Commentary: Nvidia chips don’t belong on the bargaining table

featured-image

Donald Trump’s tariff blitz risks upending multilateral efforts to contain China’s AI ambitions, says Catherine Thorbecke for Bloomberg Opinion.

TOKYO: News that Nvidia will not be able to sell its customised artificial intelligence chips in China caught both the company and markets by surprise. The disclosure came just a day after Nvidia announced a half-trillion-dollar US investment commitment that was celebrated by President Donald Trump, and followed a media report saying that CEO Jensen Huang had struck a deal safeguarding the H20 chips in China over dinner at Mar-A-Lago. The confusion represented what is now a usual day in Washington as Trump plays out his chaotic trade games and increases pressure on China to negotiate.

Beijing, meanwhile, has signalled that one of its chief concerns heading into potential talks are US policies designed to suppress its modernisation. The scene is now set for Nvidia’s H20 chips, made specifically to comply with export controls, to be turned into the ultimate tariff-related bargaining point. CHIP WAR PREDATED TRUMP’S TRADE WAR An exemption would please the company, which has long argued that export controls are ineffective and give a boost to domestic players including Huawei.



And while Beijing is not backing down, access to AI chips is one thing it desperately wants. We’ve seen Trump blur the lines over tech national security concerns in the past. The various export controls on Nvidia predated his tariff blitz and are meant to hold China back in the AI race over fears that Beijing’s edge could give it military or economic advantages.

But the president has ignored similar worries before: He extended a deadline for TikTok to be banned in the US, turning the China-owned social media platform into a key leverage on tariffs. The White House may yet roll back the crackdown on AI chips in China. Regardless, it’s a timely reminder that this trade war is risking America’s hard-won gains in the race for tech supremacy.

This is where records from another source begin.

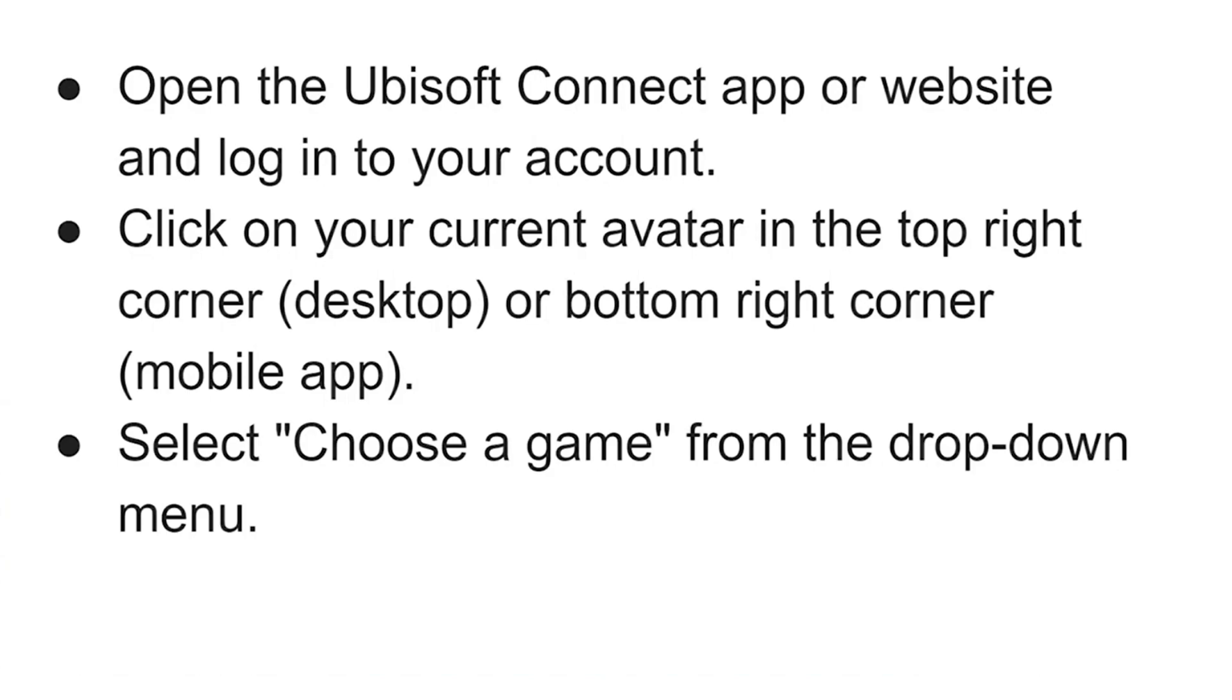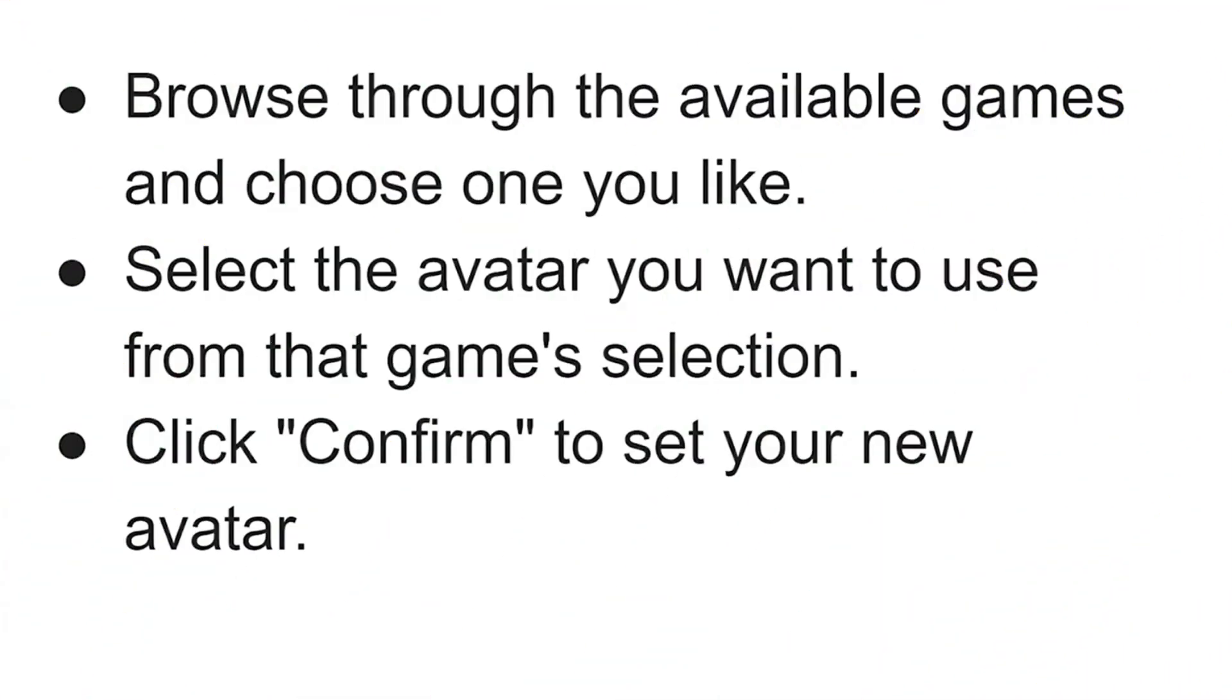Now select choose a game from the drop down menu. After that, browse through the available games and choose the one you like.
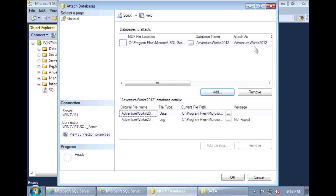It's going to attach it with the database name AdventureWorks 2012. You could change this name if you want, or leave it as the default. You'll also see that the data file is located, but the log file, the LDF file, is not found. The download only includes the MDF data file — it doesn't include the LDF log file. But that's okay.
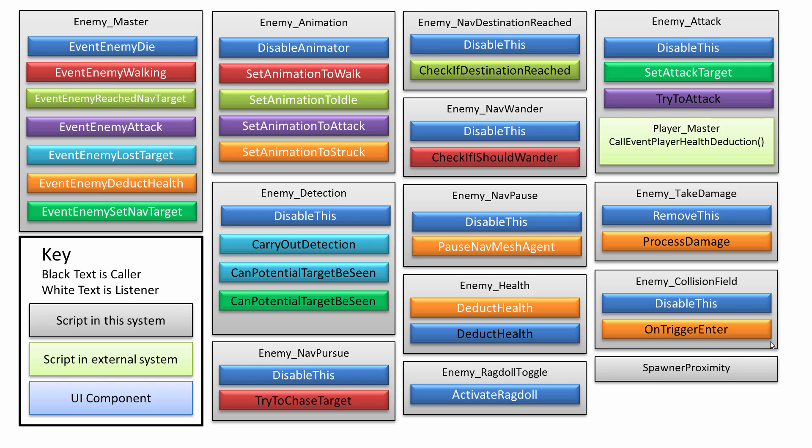There's this enemy collision field script, and this is a really neat script. It allows you to throw items at the enemy and they get hurt. So that is really fun and very interesting as well.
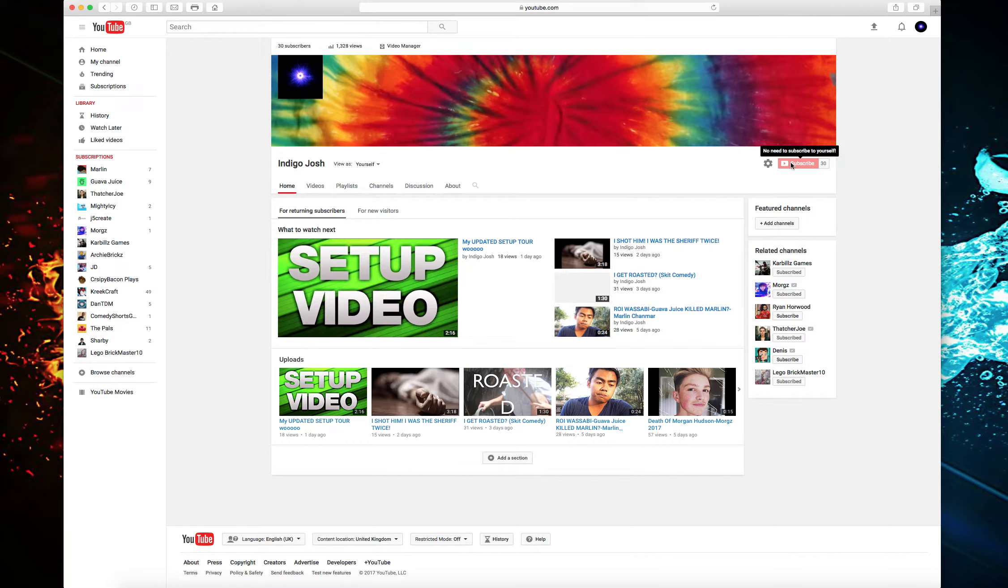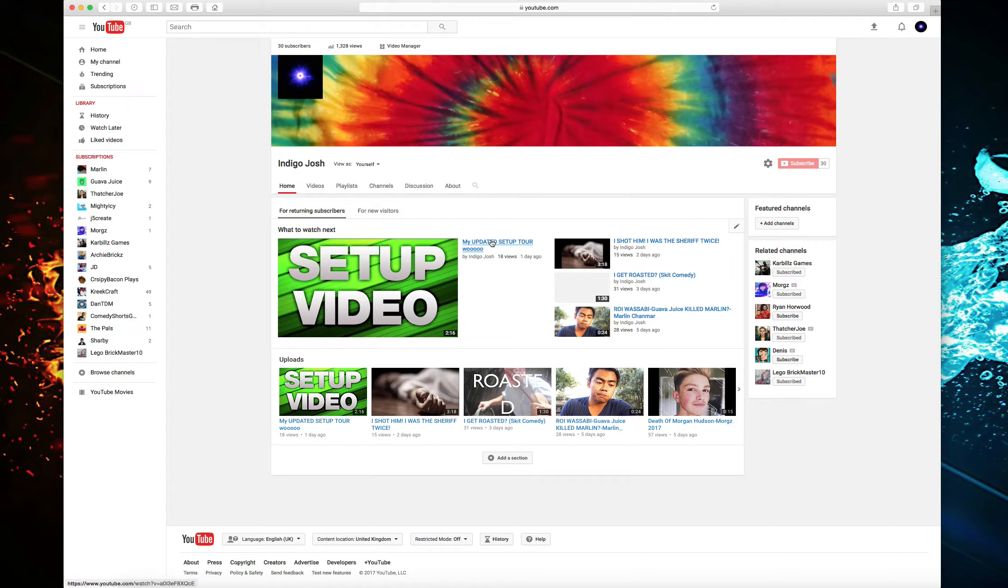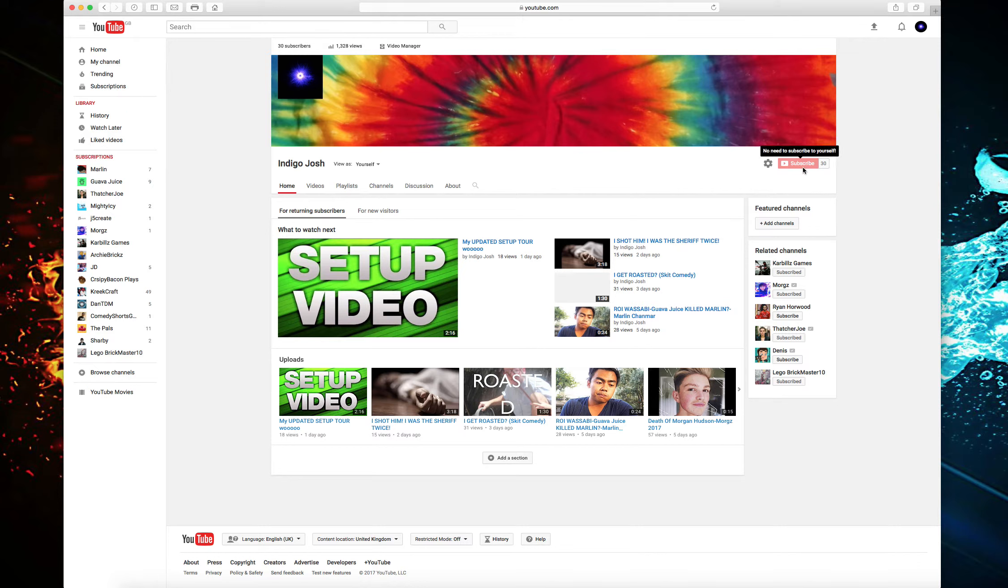Already 18 views on my updated setup tour. Woo! Do check that video out, it's so good. Yeah guys, thank you for 30 subscribers. I love you all. Peace out and bye.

Washington cannot fight on two fronts. Access to chips and computing power has been at the core of Silicon Valley’s lead over China in AI, but that gap is closing fast. Washington’s tightening chip restrictions have been porous, but they have no doubt bought time.

ANTAGONISING ALLIES IN CHIP SUPPLY CHAIN One thing we’ve learned is that they are ineffective without international cooperation. The US had to convince the Netherlands and Japan, key allies who oversee parts of the semiconductor supply chain, to get on board for these policies to have a fighting chance at holding Beijing back. But Trump’s “America First” rhetoric and tariff antagonism doesn’t provide much incentive for joint action anymore.

DeepSeek, the Hangzhou-based AI startup that surprised the world earlier this year, shows that China is not as far behind on AI software development as many in the West thought. America’s key lead now remains in hardware, and namely advanced chips. But the likes of Huawei and Semiconductor Manufacturing International Corporation (SMIC) are working around the clock to produce domestic alternatives to Nvidia’s AI processors.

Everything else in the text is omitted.